• **Requirement**
Give back every line of the material exactly, as it appears below.

▼▼▼

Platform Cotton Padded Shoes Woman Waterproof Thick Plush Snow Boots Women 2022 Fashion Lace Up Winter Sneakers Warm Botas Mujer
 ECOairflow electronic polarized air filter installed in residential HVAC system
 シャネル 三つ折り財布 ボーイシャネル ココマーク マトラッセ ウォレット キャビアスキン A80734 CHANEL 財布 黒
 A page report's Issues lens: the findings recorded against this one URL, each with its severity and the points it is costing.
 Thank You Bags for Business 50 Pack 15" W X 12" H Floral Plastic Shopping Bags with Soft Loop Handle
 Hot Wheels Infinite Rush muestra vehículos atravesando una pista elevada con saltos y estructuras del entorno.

▲▲▲

• **Task response**
Platform Cotton Padded Shoes Woman Waterproof Thick Plush Snow Boots Women 2022 Fashion Lace Up Winter Sneakers Warm Botas Mujer
 ECOairflow electronic polarized air filter installed in residential HVAC system
 シャネル 三つ折り財布 ボーイシャネル ココマーク マトラッセ ウォレット キャビアスキン A80734 CHANEL 財布 黒
 A page report's Issues lens: the findings recorded against this one URL, each with its severity and the points it is costing.
 Thank You Bags for Business 50 Pack 15" W X 12" H Floral Plastic Shopping Bags with Soft Loop Handle
 Hot Wheels Infinite Rush muestra vehículos atravesando una pista elevada con saltos y estructuras del entorno.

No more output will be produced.